Despite the increase in operating expenditure, the Group's Earnings before Interest, Tax, Depreciation and Amortization (EBITDA) remains positive at RM52.4 million.
For the nine months ended September 2013, Malaysia Airlines group registered a Net Loss of RM830 million, and a positive cash flow from operations of RM555 million.
Speaking on the quarterly performance, Malaysia Airlines Group Chief Executive Officer elaborated, “Over the months of July, August and September, we saw traffic increase 37%, far exceeding the 20% increase in capacity. This contributed to a 13% increase in operating revenue to RM3.8 billion. However intensifying competition and new competitors with additional capacity in the market has put pressure on pricing, which affected yield.”

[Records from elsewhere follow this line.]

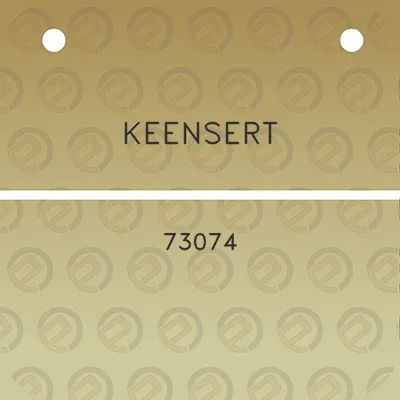 keensert-73074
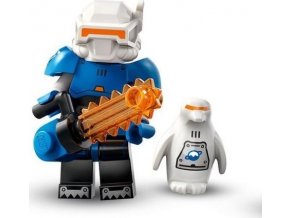 LEGO® 71046 Minifigurka 26. série Průzkumnice ledové planety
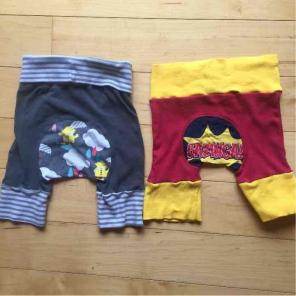 Maxaloone Shorts 1-3yo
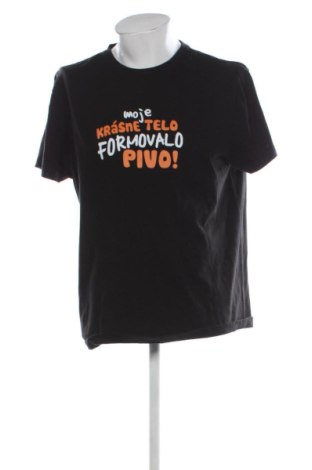 Tricou de bărbați Malfini, Mărime XL, Culoare Negru, Preț 52,49 Lei, #137556013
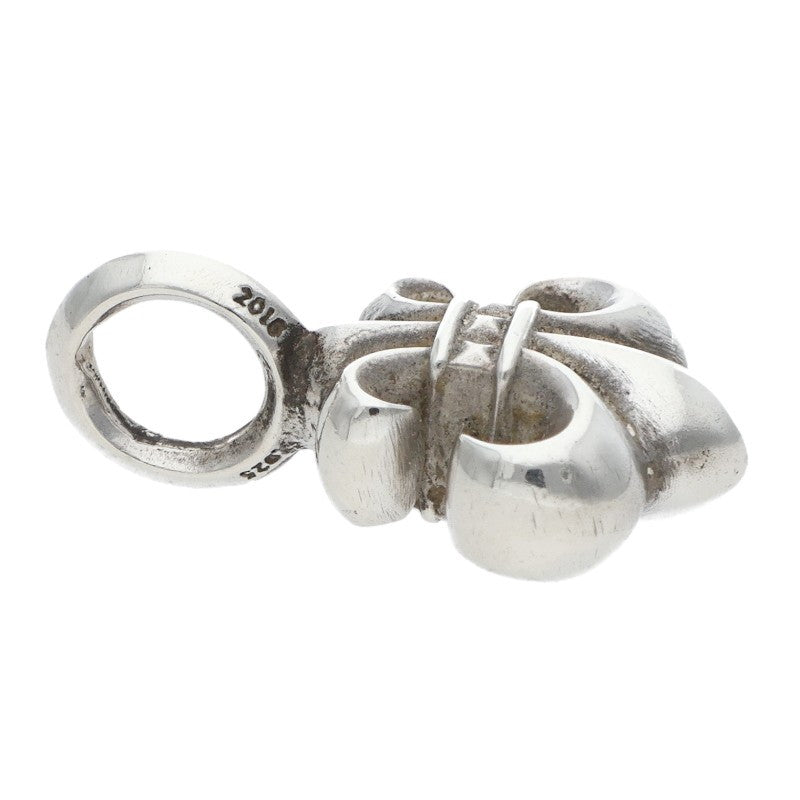 Chrome Hearts #B Stack BS Fleur V2 Charm 925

“Whilst we have made much progress to manage our costs and improve productivity, Group Operating Expenditure was higher by 16% compared to the same quarter last year. This is principally due to higher fuel and non-fuel variable costs which rose in line with the capacity increase, higher airports and overflying charges, and the weakening of the Malaysian Ringgit against the US Dollar”, said Ahmad Jauhari.
While the average price of jet fuel fell from USD131 per barrel in Q3 2012 to USD127 per barrel for corresponding period in 2013, Malaysia Airlines’ fuel bill increased 16% in Q3 2013 due to higher volumes used with the increased capacity and traffic, as well as being affected by the weakening of the Ringgit against the US dollar.
The increase in operating expenditure is also attributed to a one-off cost incurred for redelivery of aircraft in line with its on-going fleet renewal programme. In addition, the Group intensified its advertising and promotional activities amid intense competition as part of a long-term strategy to continuously strengthen its presence in key markets.
“We are extremely disappointed with these results which emphasize the need to maintain our focus on cost control and drive improved efficiency and performance across all divisions. Our cost reduction exercise will be intensified and accelerated to remain competitive, covering all aspect of the business operations. Malaysia Airlines is committed to delivering an exceptional quality product and service, that is priced to be competitive in the market”, said Ahmad Jauhari.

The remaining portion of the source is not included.